Wegen Korruption
EU-Kommission will Ungarn 7,5 Mrd. Euro kürzen
Wegen Korruption und anderer Verstöße gegen den Rechtsstaat in Ungarn hat die Europäische Kommission vorgeschlagen, dem Land Zahlungen in Höhe von rund 7,5 Milliarden Euro aus dem EU-Haushalt zu kürzen. Es ist das erste Mal, dass die Brüsseler Behörde wegen Mängeln im Rechtsstaat eines EU-Staates einen solchen Schritt macht.
Das teilte EU-Haushaltskommissar Johannes Hahn am Sonntag in Brüssel mit. Das Geld aus dem EU-Haushalt sei in Ungarn nicht ausreichend vor Missbrauch geschützt, so der Österreicher. Zugleich würdigte er die Zusagen, die die ungarische Regierung zuletzt gemacht hatte, um die bestehenden Unzulänglichkeiten zu beseitigen: „Ungarn hat sich tatsächlich bewegt.“ Das Land müsse die Zusagen nun aber auch umsetzen. Konkret hat Budapest in den vergangenen Wochen unter anderem angekündigt, eine neue Behörde für den Kampf gegen Korruption einzurichten.

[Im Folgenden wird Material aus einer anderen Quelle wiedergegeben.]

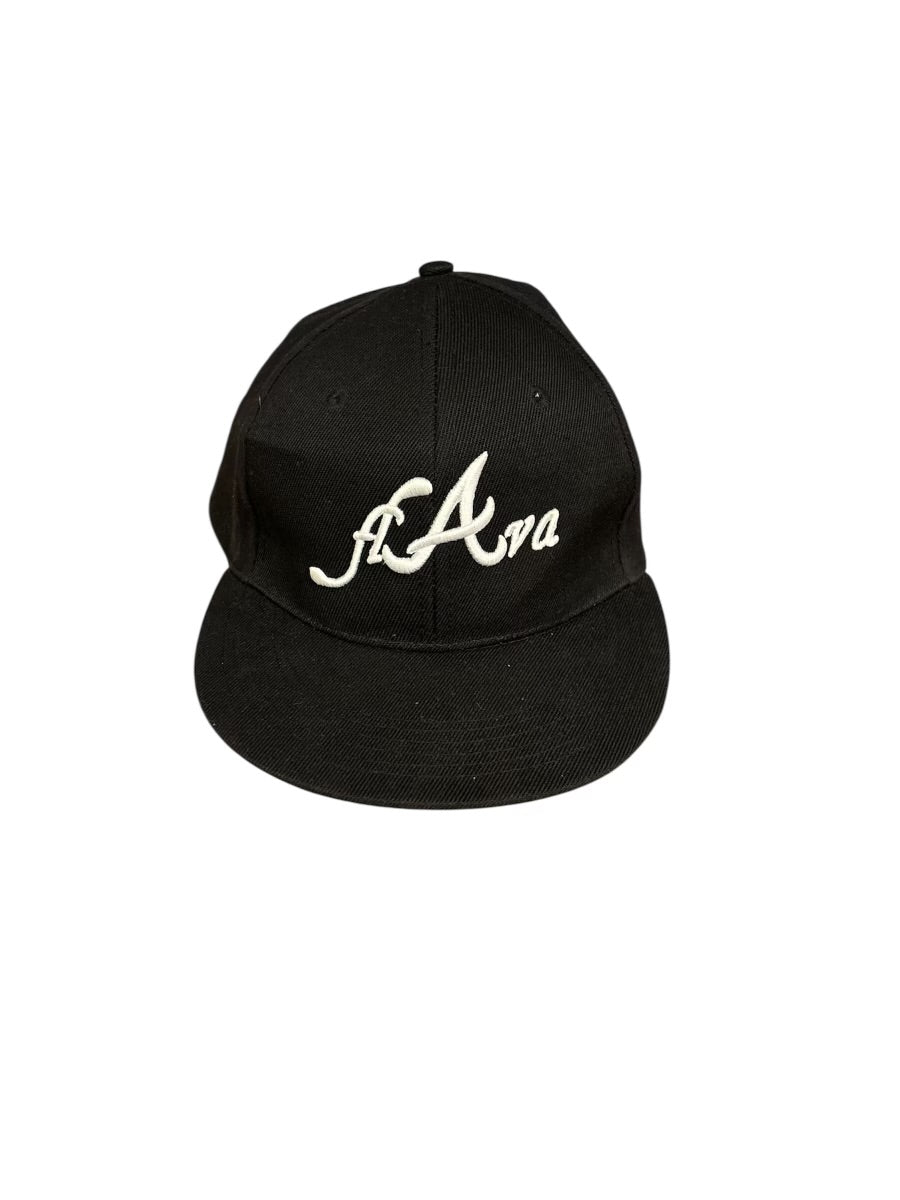 Rocky flAva Fullcap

Die EU-Kommission wirft Ungarn unter Regierungschef Viktor Orban seit Jahren vor, EU-Standards und -Grundwerte zu untergraben. Die Behörde startete etliche Vertragsverletzungsverfahren und verklagte Ungarn mehrfach vor dem Europäischen Gerichtshof - ohne bisher jedoch ein Umdenken in Budapest zu erreichen.
„Risiko von Freunderlwirtschaft wird nicht angegangen“
Der Bericht über den Zustand des Rechtsstaats in Ungarn von Juli liest sich entsprechend verheerend: Es gebe Unzulänglichkeiten „in Bezug auf Lobbying, Drehtüreffekte sowie Parteien- und Wahlkampffinanzierung“; unabhängige Mechanismen, um Korruption aufzudecken, reichten nicht aus; die Rede ist von einem Umfeld, „in dem die Risiken von Klientelismus, Günstlings- und Freunderlwirtschaft in der hochrangigen öffentlichen Verwaltung nicht angegangen werden“.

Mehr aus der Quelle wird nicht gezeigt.